A top-10 list to consider for longer, healthier life
June 29, 2009
Today, more patients than ever obtain their health information from the Internet. Are they using it wisely? Are some Web sites better than others?
Patients want answers to these questions and increasingly ask their physician for advice. Here's mine, based on a review of 10 top-notch sites recently identified by the Medical Library Association (MLA).
Patients should know something about the site's general sponsor, which often indicates something about the site's orientation and purpose. Sites ending in ".org," ".edu," or ".gov" are likely to be associated with professional, academic or governmental institutions. Those ending in ".com" are often linked to private industry and may have a proprietary bias.
The better sites are updated regularly, and most now offer a Spanish version.
The 10 sites below are among the most authoritative and user-friendly I have seen, with much to offer patients and health professionals alike.
www.cancer.gov This site includes several listings, including the American Cancer Society, but the National Cancer Institute (NCI) is the single most comprehensive entry. The NCI home page has links to specific cancers (listed A to Z), drug and cancer term dictionaries, cancer statistics and a toll-free help line. Separate home page tabs direct you to other areas, such as "Research and Funding," which contains physician-oriented information on NCI research as well as grant and training opportunities.
http://familydoctor.org Sponsored by the American Academy of Family Physicians, this site is mostly for patients. Links to conditions and symptoms - in A-to-Z format - afford easy access to comprehensive health information. Other home page links direct you to separate areas for men, women, kids and seniors, and a "smart patient guide" offers everything from "choosing a (family) doctor" to info on insurance and Medicare.

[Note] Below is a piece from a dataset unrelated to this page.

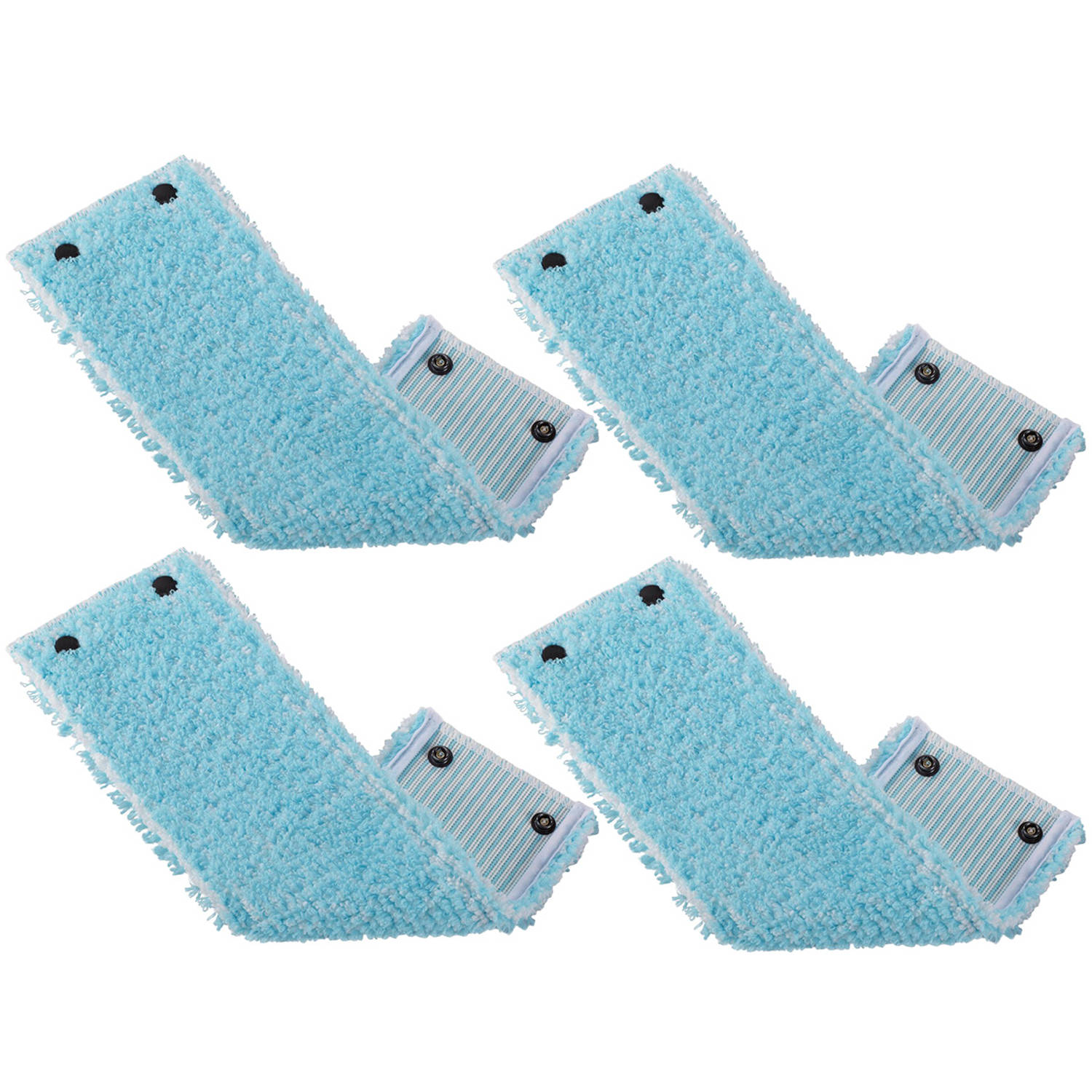 Leifheit - Clean Twist M / Clean M vloerwisser vervangingsdoek met drukknoppen super soft – 33 cm / set van 4 | Blokker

http://Healthfinder.gov Another site mostly for patients, this one is from the Office of Disease Prevention (HHS). Written at a basic level, the site seeks to act as a "reliable source of the health information from the federal government." Home page offerings include an encyclopedia of (1,600) health topics and a "Quick Guide to Healthy Living" providing numerous sources directed toward health screening and prevention. A "Docfinder" link that looked interesting lists every licensed physician in America by state.
http://medlineplus.gov This is produced by the National Library of Medicine (NLM), the world's largest medical library, in cooperation with the NIH. The home page offers "750 health topics on conditions, diseases, and wellness" with links to a medical encyclopedia, medical dictionary and health news. Comprehensive health information is offered in 40 languages.
http://www.medem.com This site initially was formed in 1999 by a consortium of medical organizations like the AMA and several specialty societies to provide a comprehensive medical library for patients and physicians. It has since moved in the direction of using the Web as an interactive tool for patients and physicians by partnering with Google and YouTube to offer "an interactive suite of online communication services."
http://www.cdc.gov As expected, the CDC site emphasizes public health and safety, including links to infectious diseases, travelers' health, vaccines/immunizations, environmental health and emergency preparedness, including bioterrorism. This comprehensive site is consumer-oriented and objectively presented.
http://www.mayoclinic.com The home page offers the usual comprehensive listing of diseases, symptoms, and drugs in A-to-Z format as well as a free Mayo Clinic E-newsletter. However, associated with specific symptoms or conditions are sidebar links which take you to specific proprietary products. These links are identified as "Google Ads," but the mixing of objective data and marketing is disconcerting.
http://www.hivinsite.ucsf.edu This site provides comprehensive, up to date information on HIV/AIDS. Separate links cover current news/research, policy analysis and data by country and region. Unlike the Mayo site above (a ".com") this ".edu" site contains no pharmaceutical ads.
http://www.kidshealth.com Self-described as free of "doctor speak," this well-organized site has separate sections for parents, kids and teens. Sponsored by the Nemours Foundation for Children's Health Media, this kid-oriented site is positive, even humorous, in tone, and ad-free. All content is reviewed by pediatricians or other health experts.
http://www.noah-health.org The New York Online Access to Health is a unique consumer site organized by librarians and health professionals in the N.Y. area. Started in 1994 by four New York City library organizations as a demonstration project sponsored by the U.S. Department of Commerce, NOAH offers the usual encyclopedic health topics, plus some health information pertinent to the New York area.
No review would be complete without mention of http://www.webMD.com, the most widely used medical portal in the U.S. WebMD didn't make the MLA's top 10, perhaps because of its commercial orientation. Owned by the HLTH Corp., a company publicly traded on NASDAQ, the site provides health information services to consumers, physicians and other health professionals.
While WebMD does utilize medical reviewers, it features numerous product-specific ads and links to specific health conditions. This can lead one to proprietary sites with video "testimonials" by doctors, where the word "advertisement" appears in small print at the bottom. While the site offers comprehensive information, "caveat emptor!"
I believe educating patients about some of these other health portals would be beneficial to further broaden their perspectives and ability to make even more informed health care decisions.